What to do
Each line below from the line with "SRAJCA CANARY SLIM FIT BELA, KRATKI ROKAV" to the line with "Baby Vision - Hudson" must be copied exactly, including those two, and no picture may appear in the copy.

Extracted material
________________________

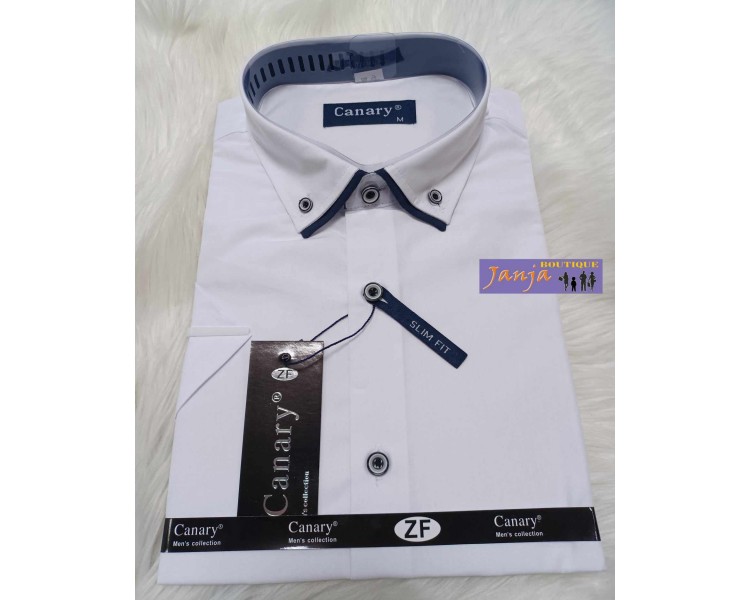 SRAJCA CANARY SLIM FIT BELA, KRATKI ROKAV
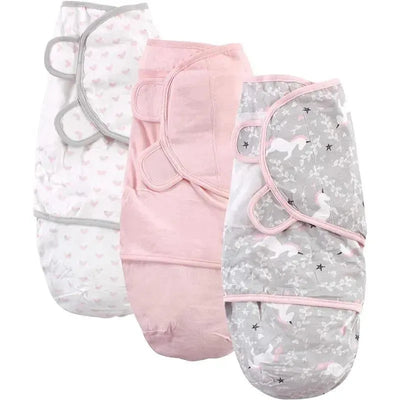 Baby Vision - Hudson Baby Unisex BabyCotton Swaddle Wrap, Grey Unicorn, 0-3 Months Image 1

________________________

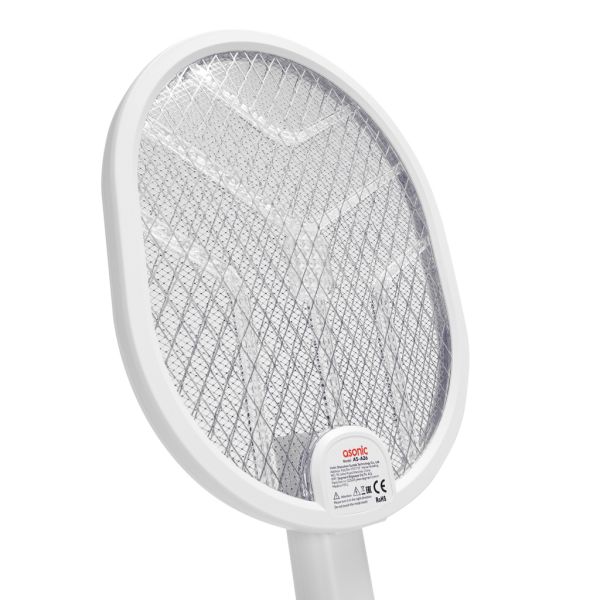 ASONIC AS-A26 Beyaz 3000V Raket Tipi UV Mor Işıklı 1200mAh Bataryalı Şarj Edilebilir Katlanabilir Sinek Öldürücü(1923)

________________________

Your solution
 SRAJCA CANARY SLIM FIT BELA, KRATKI ROKAV
 Baby Vision - Hudson Baby Unisex BabyCotton Swaddle Wrap, Grey Unicorn, 0-3 Months Image 1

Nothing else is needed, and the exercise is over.